That's a tough assignment for a quartet of players who are all 26 or younger. "The secondary is really the big key for us," says defensive coordinator Foge Fazio, who doesn't mind the macho talk the players engage in. "Especially Orlando, because he's become such a leader and a ball hawk." Thomas, a second-round draft pick out of Southwestern Louisiana in 1995, had more interceptions (14) over the past two seasons than any other player in the NFL, including a league-high nine as a rookie. He says he's back to 100% and is faster than he was when he entered the Nil because of the intensity of his rehabilitation and off-season conditioning. "Don't worry about me," Thomas says, as if anybody would. "I'm going to be a better player than ever."

Thomas and Fuller, a second-round draft choice out of Florida State in '95, formed a tight bond quickly. Both started early in their rookie year, and in their fourth NFL game Thomas retaliated after he saw a Steelers lineman punch Fuller away from the play.
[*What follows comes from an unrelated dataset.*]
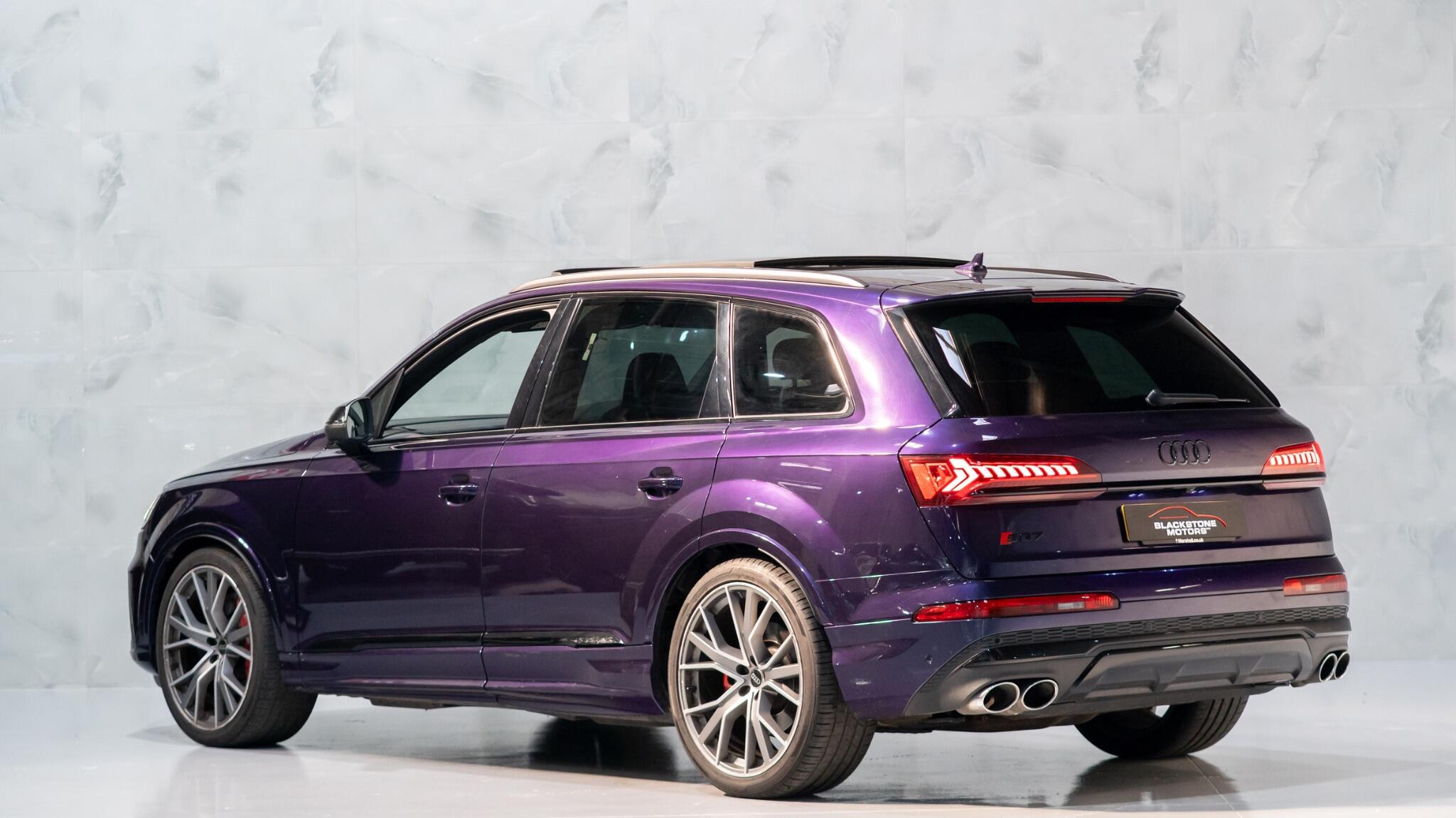 Audi SQ7 view 6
Instinctively, Thomas ran over and slugged the opponent in the groin. "Boom!" Fuller says, in recalling the incident. "With one punch the guy went down, and I looked around and saw Orlando standing there. You get the vibe, don't you? From that day on Orlando was going to cover my back, and I was going to cover his."
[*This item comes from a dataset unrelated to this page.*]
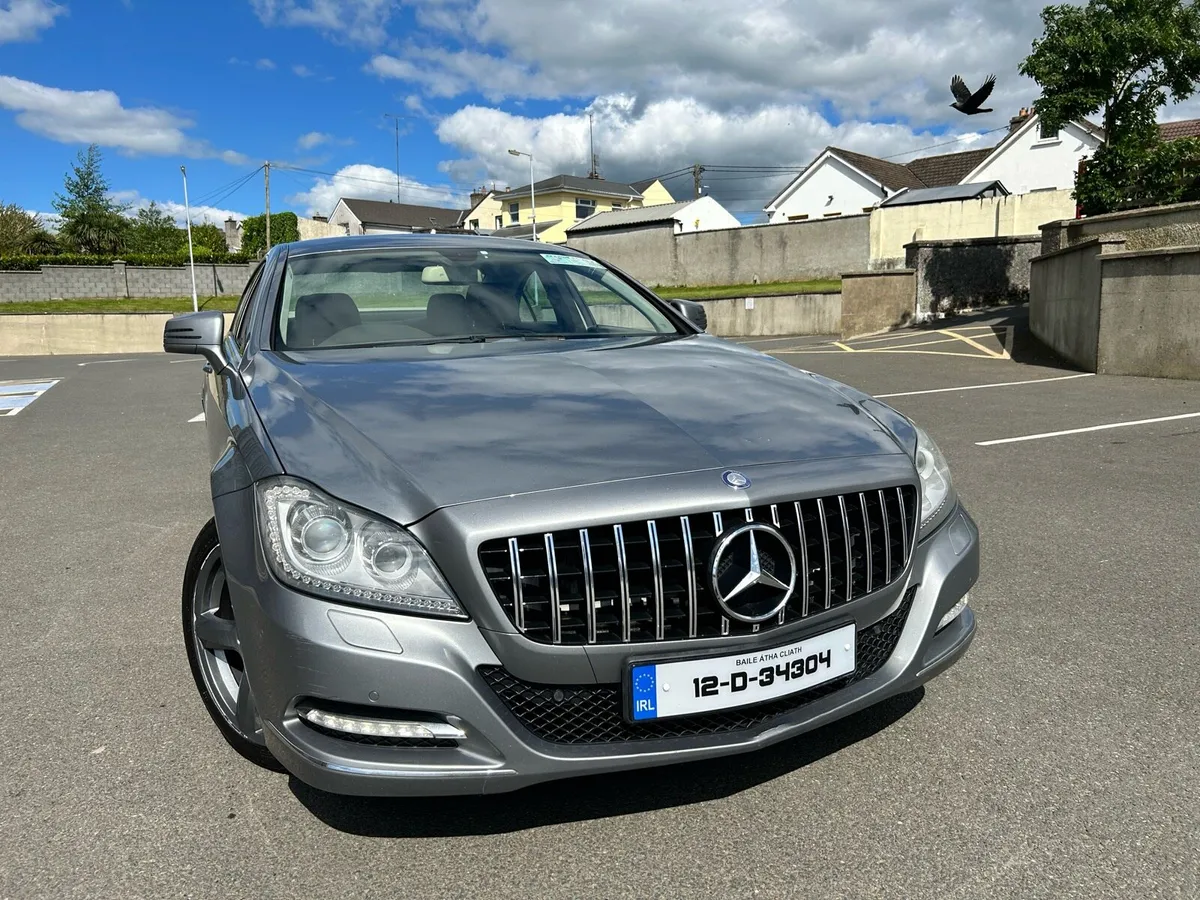 Mercedes - Image 2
Fuller, however, has been known to cross the line. Last season he was fined $30,000 for poking Green Bay center Frank Winters in the eye. Clearly he believes part of his game is intimidation. And talking, he says, is just part of Minnesota's style of play. "It makes the game fun," he says. "Like against the Packers, where the fans are so into it, that's like Florida-Florida State every time we play. It's like Super Sunday, and you just get so excited out there."

He's not proud of all the lip, though. "When I go home at night," Fuller says, "I pray to God to forgive me for some of the things I said that day."
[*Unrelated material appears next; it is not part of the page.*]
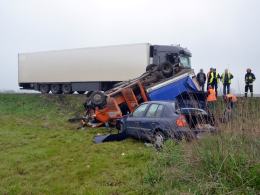 Wypadek podczas wyprzedzania, trzy osoby ranne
The Vikings can live with the lip if the secondary performs as it did last year. It was ninth in the league in pass defense, tied for fourth in interceptions (22) and maybe last in respect. Not even Thomas got a sniff in Pro Bowl voting, and the quartet says the slight is what drives them entering the '97 season. "Just watch us this year. Watch us in the big games," Fuller says. "We'll be there."

In five seasons under coach Dennis Green, the Vikings have won the NFC Central title twice and have been to the playoffs two other times. But if Minnesota expects to get back to the postseason this year—and win its first playoff game under Green—Fuller & Co. will have to play as good a game as they talk.